An efficient non‐linear least‐squares 1D inversion scheme for resistivity and IP sounding data

Non‐linear least‐squares inversion operates iteratively by updating the model parameters in each step by a correction vector which is the solution of a set of normal equations. Inversion of geoelectrical data is an ill‐posed problem. This and the ensuing suboptimality restrict the initial model to being in the near vicinity of the true model. The problem may be reduced by introducing damping into the system of equations. It is shown that an appropriate choice of the damping parameter obtained adaptively and the use of a conjugate‐gradient algorithm to solve the normal equations make the 1D inversion scheme efficient and robust. The scheme uses an optimal damping parameter that is dependent on the noise in the data, in each iterative step. The changes in the damping and relative residual error with iteration number are illustrated. A comparison of its efficacy over the conventional Marquardt and simulated annealing methods, tested on Inman's model, is made.
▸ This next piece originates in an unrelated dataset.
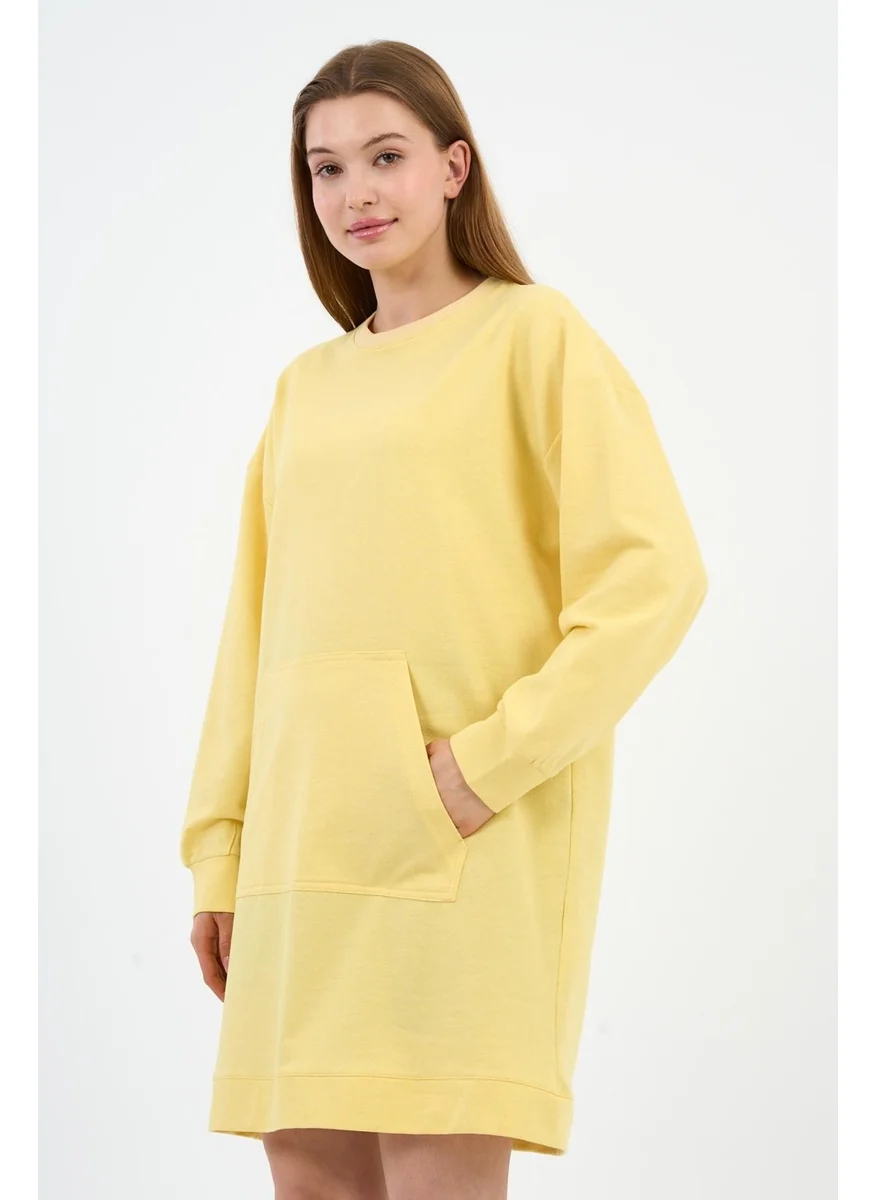 الكسندر جاردي Women's Kangaroo Pocket Oversize Tunic (B24-00225)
Inversion of induced polarization (IP) sounding is obtained by inverting twice (true and modified) DC apparent resistivity data. The inversion of IP data presented here is generic and can be applied to any of the IP observables, such as chargeability, frequency effect, phase, etc., as long as these observables are explicitly related to the DC apparent resistivity. The scheme is used successfully in inverting noise‐free and noisy synthetic data and field data taken from the published literature.